Another US campaign wizard, Democratic consultant Stanley Greenberg, has not fared much better working for Israeli Labor Party leader Shelley Yachimovich. Labor is now projected to win about 17 seats, down from 20 predicted in October.

Some observers think pairing American-style campaigners with Israeli politicians is a mismatch that simply won’t work.

"The advisers and the Americanization of Israeli politics over the past 15 years demonstrates that the Israeli political system is not apt for these kind of professional campaigners coming in,” said Gerald Steinberg, an American-born political science professor at Bar-Ilan University. “They don't really understand Israel and don't get the concerns swing voters here have."

Polls show between 15 percent and 25 percent of voters are undecided.

With such a vast spectrum of parties to choose from — and flagging enthusiasm for the front-runners — at least from an American standpoint it could be difficult to imagine how Israelis ever decide. In contrast to US bipartisanship, in Israel's diffuse parliamentary system at least 10 parties are likely to garner enough votes for representation.

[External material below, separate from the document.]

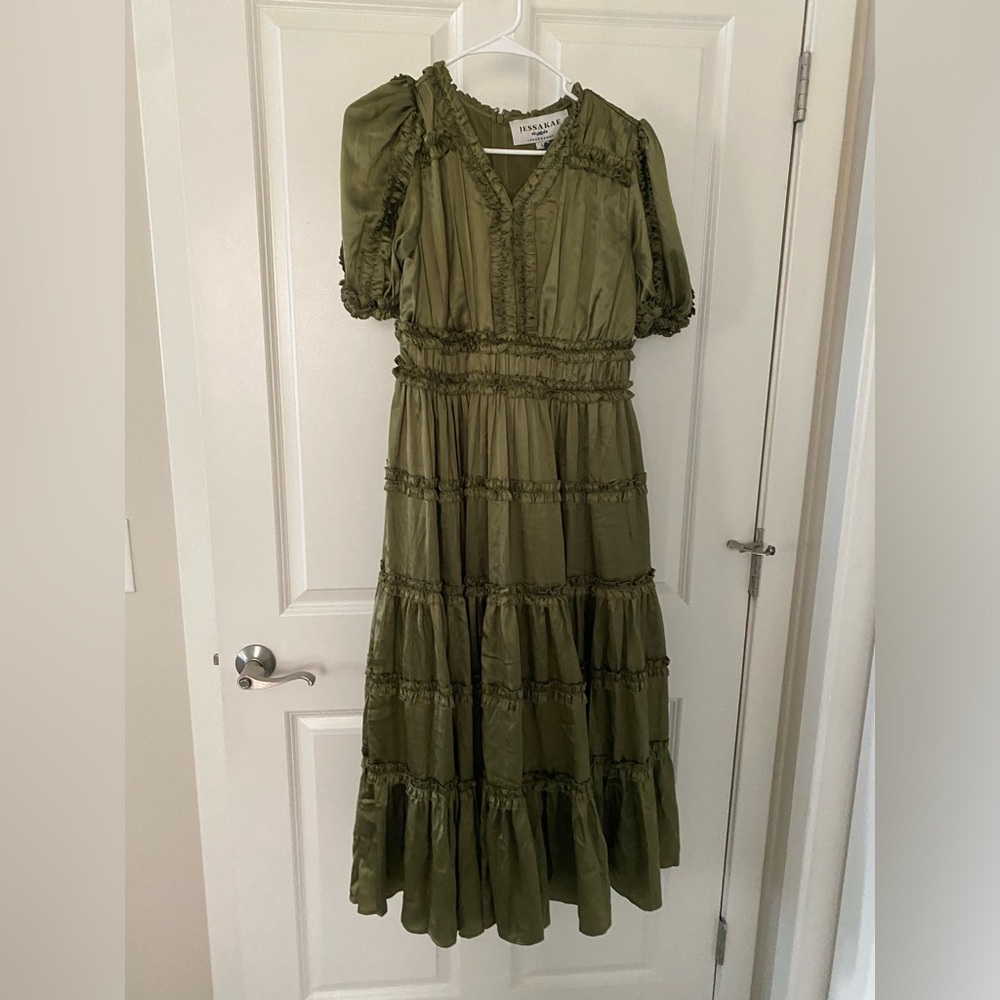 JessaKae x The Food Nanny Liz Dress in Olive - Picture 4 of 6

"People like Finkelstein and Greenberg come in primarily to promote the potential heads of government, but Israelis know Netanyahu, and Yachimovich has been around long enough that she's not really a new face, so the campaign really is about staking out bits and pieces of territory. It is completely different from the American model of a clash of titans," Steinberg explained.

And now, Israelis are more drawn to smaller niche parties than ever, analysts say.

Naftali Bennett, an upstart and untested right-wing leader who seemingly surfaced two months ago out of nowhere, is projected to lead his party, HaBayit Hayehudi (Jewish Home), to be the third-largest political force in the country.

The English-speaking son of American immigrants, Bennett also appears to be robbing Netanyahu of the prime minister's perceived strong suit — Americanness.

Even a small, previously unviable party such as Da'am, a joint Jewish-Arab socialist group, is seen now as having a chance.

"There's not a lot of enthusiasm for Netanyahu," says Steinberg. "He's sort of a default choice. In most democracies there is some restlessness, and he's been around for 20 years. There's a natural erosion."

Israel's current predicament, in which an unpopular prime minister is likely to be re-elected, could be a recipe for an unstable and short-lasting next term. Left-wing parties that look poised to increase their number of Knesset seats on Tuesday, such as the nominally communist Hadash and the center-left Meretz, are already prepping for the next elections.

Are the well-paid American consultants working for naught?

"I don't think they have much influence," said Gadi Taub, a professor of public policy and communications at the Hebrew University of Jerusalem. "The Israeli public is made up of inveterate news junkies, and the illusion that the strategic advisers will be decisive is almost ridiculous."

"In the United States, the disagreements are simply a matter of degree on different policies," Taub added. "Not so in Israel, where we are still asking ourselves what this country is, who and what we are. The dangers here are clear and present. So I don't think strategic advisers can make a real difference."